From the August/September 2023 Issue  

Special Effects

Writer Marirose Krall  |  Photographer Lauren Hagerstrom  |  Designer Sheila Rich, CID, CAPS, ASID, IIDA  |  Location Monmouth County, NJ

A unique combination of striking elements makes up this Monmouth County primary bathroom

The words “edgy” and “Victorian” tend not to be used together, but both of those adjectives could describe elements of this primary bathroom in Monmouth County, New Jersey. “The house is contemporary,” says designer Sheila Rich, of Monmouth Beach-based Sheila Rich Interiors. “But when I went shopping with the client, she fell in love with the bathtub. I told her we could make this work.”

Brass inserts frame the black tile behind the vanity to create a smooth transition between the white tile, with its markedly raised lines, and the black tile, which has subtler texturing. The vanities are stained, rather than lacquered, which allows the grain to show through. “They have their own personalities,” Rich says. “They needed to be important without screaming out.”

And make it work, they did. The bathtub in question is a claw-foot beauty resting on monarch feet — with a shape well known from its Victorian predecessors. The tub’s black exterior is what makes it special, and what made it exactly the right choice for this bathroom. “The clients love black and white,” Rich says. “Everything else in the house, except for the children’s rooms, is black and white.”

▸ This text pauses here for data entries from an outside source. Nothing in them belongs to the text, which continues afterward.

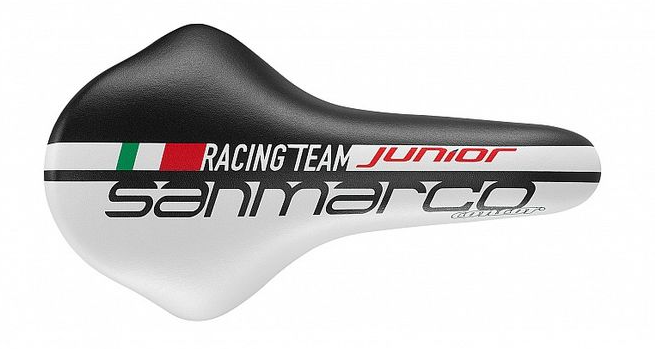 Sella San Marco Concor Junior Nero/Bianco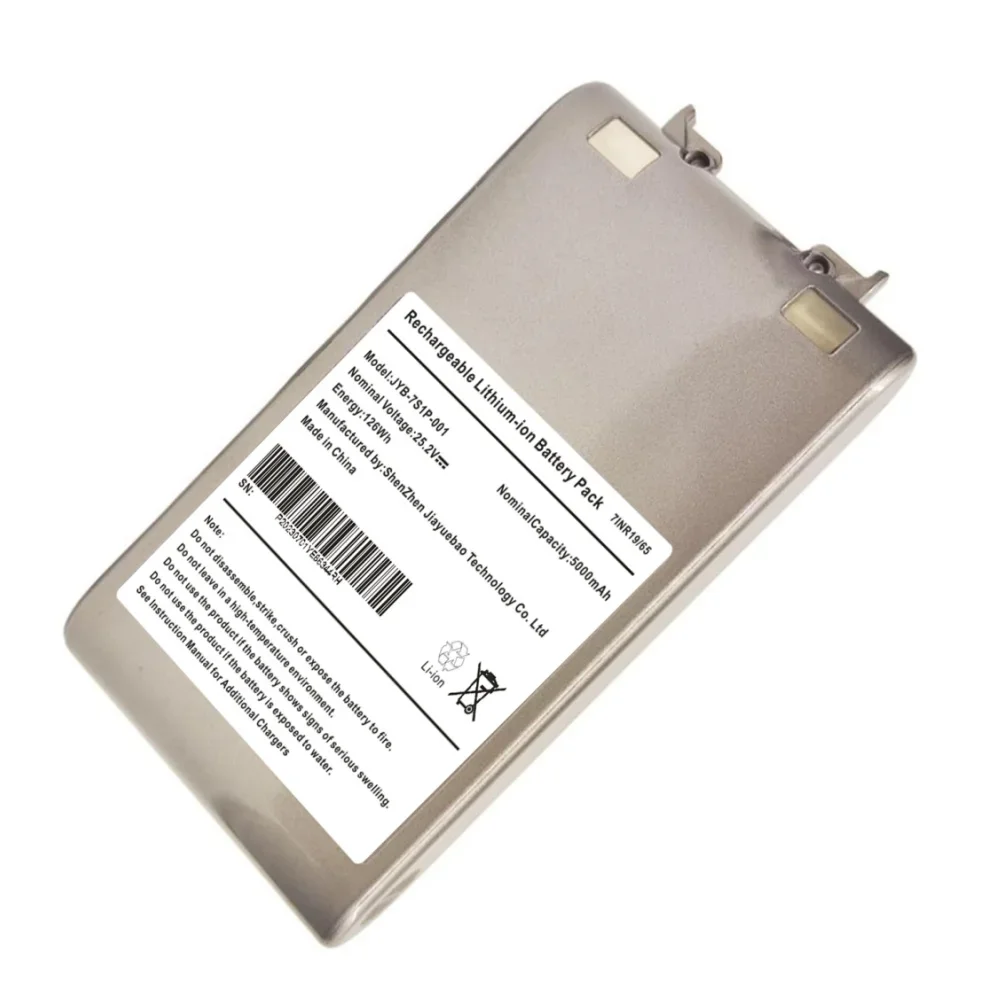 25.2V 5000mAh Compatible Replacement Battery for Dreame V11 V11SE V12 VVT1 VVN6 VVN5 VVA1 V12pro Handheld Vacuum
25.2V 5000mAh Compatible Replacement Battery for Dreame V11 V11SE V12 VVT1 VVN6 VVN5 VVA1 V12pro Handheld Vacuum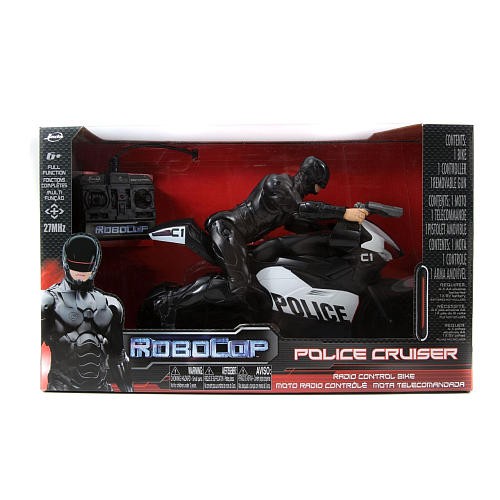 RoboCop 3.0 Remote Control 12" Police Cruiser by Jada toys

The bathtub isn’t the only history-inspired element in the room. “The floor has an Old World look,” says Rich, a state-certified interior designer Certified Aging-in-Place Specialist and member of the American Society of Interior Designers and International Interior Design Association. “Floors like this used to be made from cement. These are porcelain copies of cement tiles.” The dramatic design of the tile required that other fixtures be carefully considered. “We had to work around that floor because it makes a very big statement.”

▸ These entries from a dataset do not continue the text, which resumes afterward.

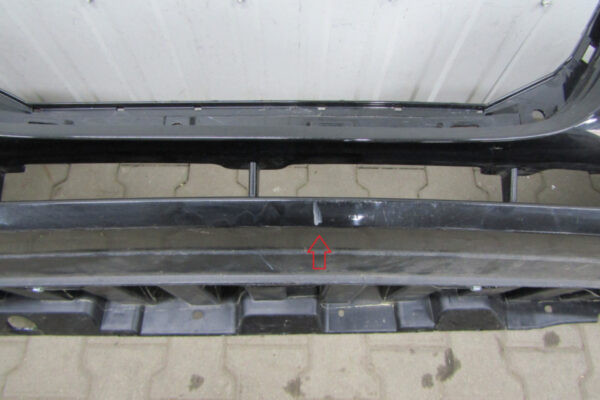 Bumper  Nissan Leaf 2 II 17- 62022-5SH0H Voorbumper KS7870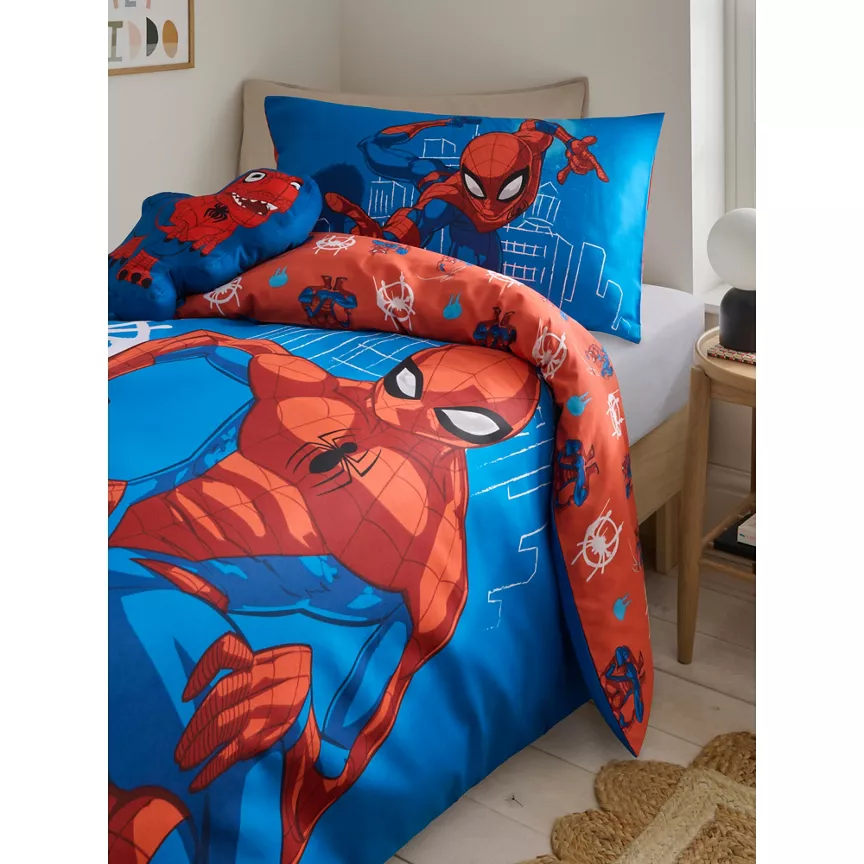 George Home Marvel Spider-Man Reversible Duvet Set Double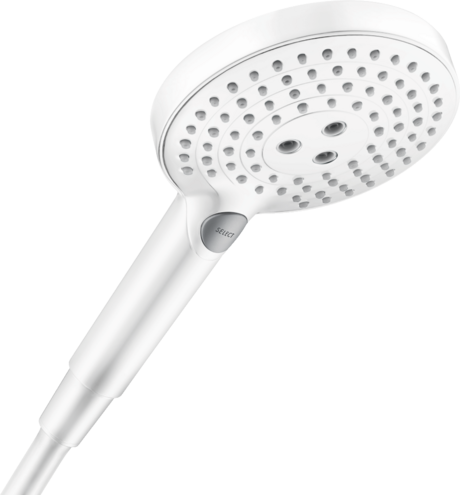 Ручной душ Raindance Select S Hansgrohe, белый арт. 26530700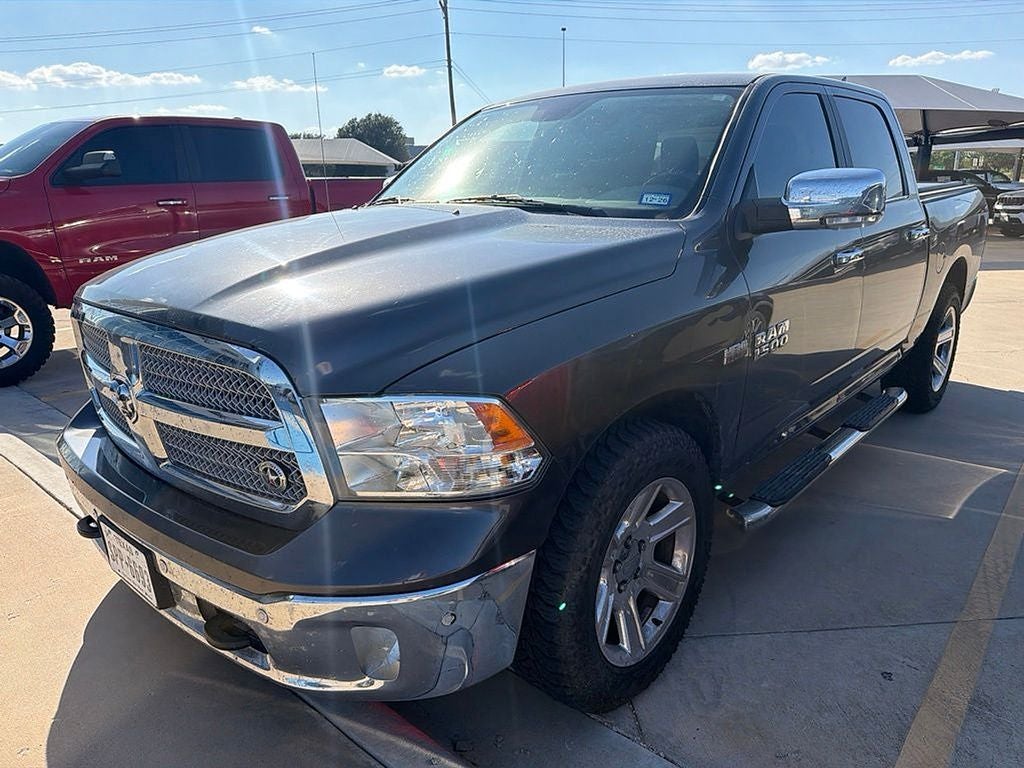 2018 RAM 1500 Lone Star Silver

In contrast to the floor tile, the walls in the bath and shower area are a shingle shade: white. But the wall tiles are not without their own distinguishing features. Rich wanted the walls to be just as distinctive as the floor, without clashing. “I was looking for something that was not going to fade into oblivion,” she says. The solution was tile featuring raised, undulating lines. “When you touch it, you can feel the waves.”

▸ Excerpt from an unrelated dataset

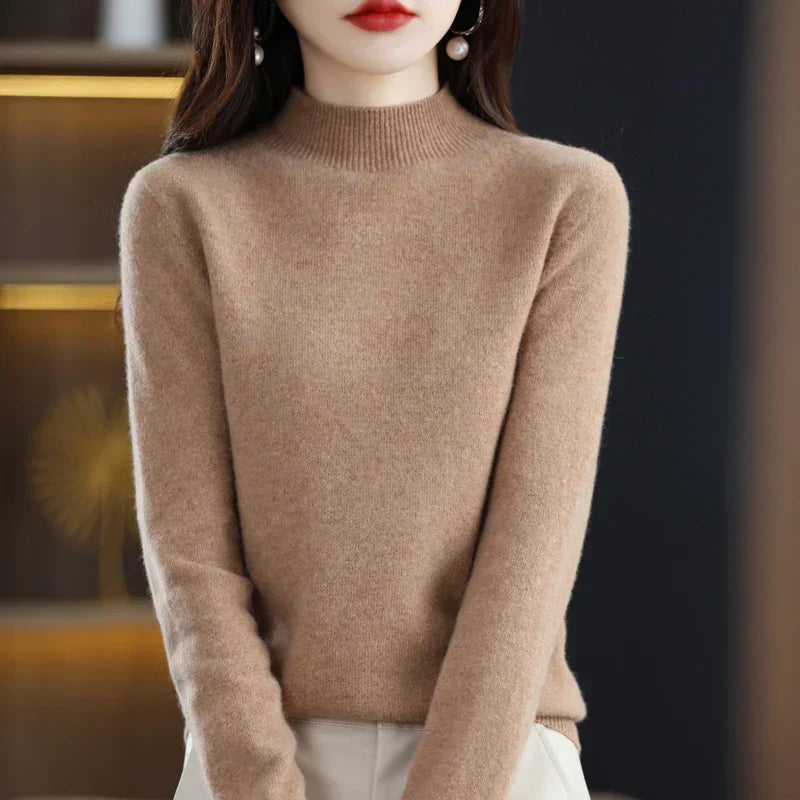 Savrani™ | Pull lussuoso 100% cashmere
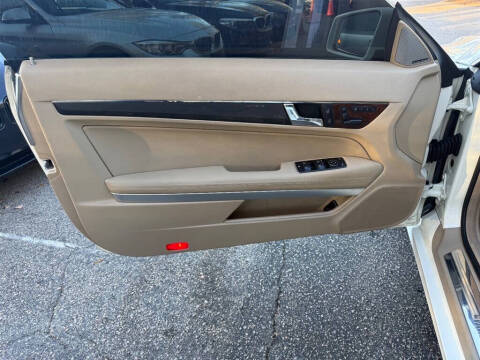 2011 Mercedes-Benz E-Class E 350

The white wall tile wraps around the space until it gets to the dual vanities, which are on opposite walls. There, the wall tile meets the black tile of the vanity backsplashes. “The two tiles have to marry,” Rich says, “but I didn’t want the black tile to be boring, so we opted for tone on tone with a little texture. It doesn’t compete with the white, but it holds its own.”

And though this space is furnished with a variety of unique elements, it comes together harmoniously. “I wanted each space to have its own personality within the whole, but there’s nothing that’s screaming out at you,” Rich says. “I always say that interior design is the art of geometry, where the whole is larger than its parts; that’s what is happening here.”

Editor’s Note: Sheila Rich won a 2023 Silver Design Excellence Award for this project in the Residential Large Bath >51 Square Feet category from the American Society of Interior Designers, New Jersey Chapter.